▼▼▼

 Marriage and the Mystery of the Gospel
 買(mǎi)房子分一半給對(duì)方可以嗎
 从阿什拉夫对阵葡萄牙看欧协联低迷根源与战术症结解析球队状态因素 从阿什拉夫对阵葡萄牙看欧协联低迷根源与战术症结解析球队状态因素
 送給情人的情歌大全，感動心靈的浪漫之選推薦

▲▲▲
▼▼▼

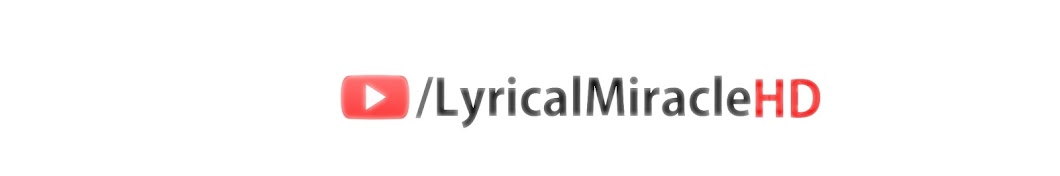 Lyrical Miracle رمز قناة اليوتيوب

▲▲▲
▼▼▼

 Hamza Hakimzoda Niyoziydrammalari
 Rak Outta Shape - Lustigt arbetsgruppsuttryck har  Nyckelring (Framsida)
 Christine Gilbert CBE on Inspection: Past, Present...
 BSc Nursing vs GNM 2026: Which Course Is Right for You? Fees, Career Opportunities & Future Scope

▲▲▲

- THE TASK: Among the entries above, the line containing "Christine Gilbert CBE", the line containing "BSc Nursing vs", and all lines between them are to be restated word for word; nothing else belongs in the reply.

- TASK OUTPUT:
 Christine Gilbert CBE on Inspection: Past, Present...
 BSc Nursing vs GNM 2026: Which Course Is Right for You? Fees, Career Opportunities & Future Scope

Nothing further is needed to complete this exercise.